Hi,
I have wrote below code for understanding how WeightedRandomSampler works.
import torch
from torch.utils.data.sampler import Sampler
from torch.utils.data import TensorDataset as dset
inputs = torch.randn(100,1,10)
target = torch.floor(3*torch.rand(100))
trainData = dset(inputs, target)
num_sample = 3
weight = [0.2, 0.3, 0.7]
sampler = torch.utils.data.sampler.WeightedRandomSampler(weight, batch_size)
trainLoader = torch.utils.data.DataLoader(trainData, num_sample , shuffle=False, sampler=sampler)
for i, (inp, tar) in enumerate(trainLoader):
print(inp.size())
I have got 100 instances in my fake dataset. When I run above code, only 10 of them sampled from dataset and also the number of iteration is 4 for my run! Could you please help me how does it work?
Hey @smth. Thanks for your response. I have understood WeightedRandomSampler, But I did not understand what is the logic of the enumerate(trainLoader). How many times does for loop execute?
Been looking at the code in DataLoader and WeightedRandomSampler, I can’t see how it takes class labels into account. From the code comment “weights (sequence) : a sequence of weights, not necessary summing up to one”. Not very helpful really for someone who’s trying to learn torch. It looks like weights is a list of weights per data point in the data set we are drawing from, NOT a weight per class (which I initially, maybe carelessly, assumed). And if that’s the case, you’d have to write code that computes this weight per data point and somehow “attach” that weight to the data point, e.g. a text data point becomes (sentence, label, weight for sampling) UNLESS some order is implied on the data set before we can use WeightedRandomSampler.

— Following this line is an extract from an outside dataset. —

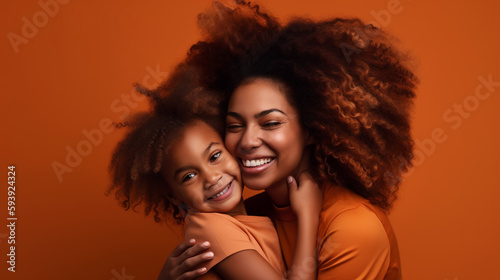 Afroamerican young mother and child smiling happily on flat color background. Photo studio. Image Generative AI.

While the code is fairly straight forward, the semantics around WeightedRandomSampler are not clear at all.
hi, i want to train a network using 3 dataset. i have created my custom dataset class, then i need to load 3 datasets with different ratio in 1 batch. does anyone have sample code for this application?
I agree that the docs are not specific enough here. I just spent the last 30 minutes figuring out that the weights are meant to be specified at a data point level, not a class level. In fact, I spent some time trying to figure out how WeightedRandomSampler knows what my class labels are.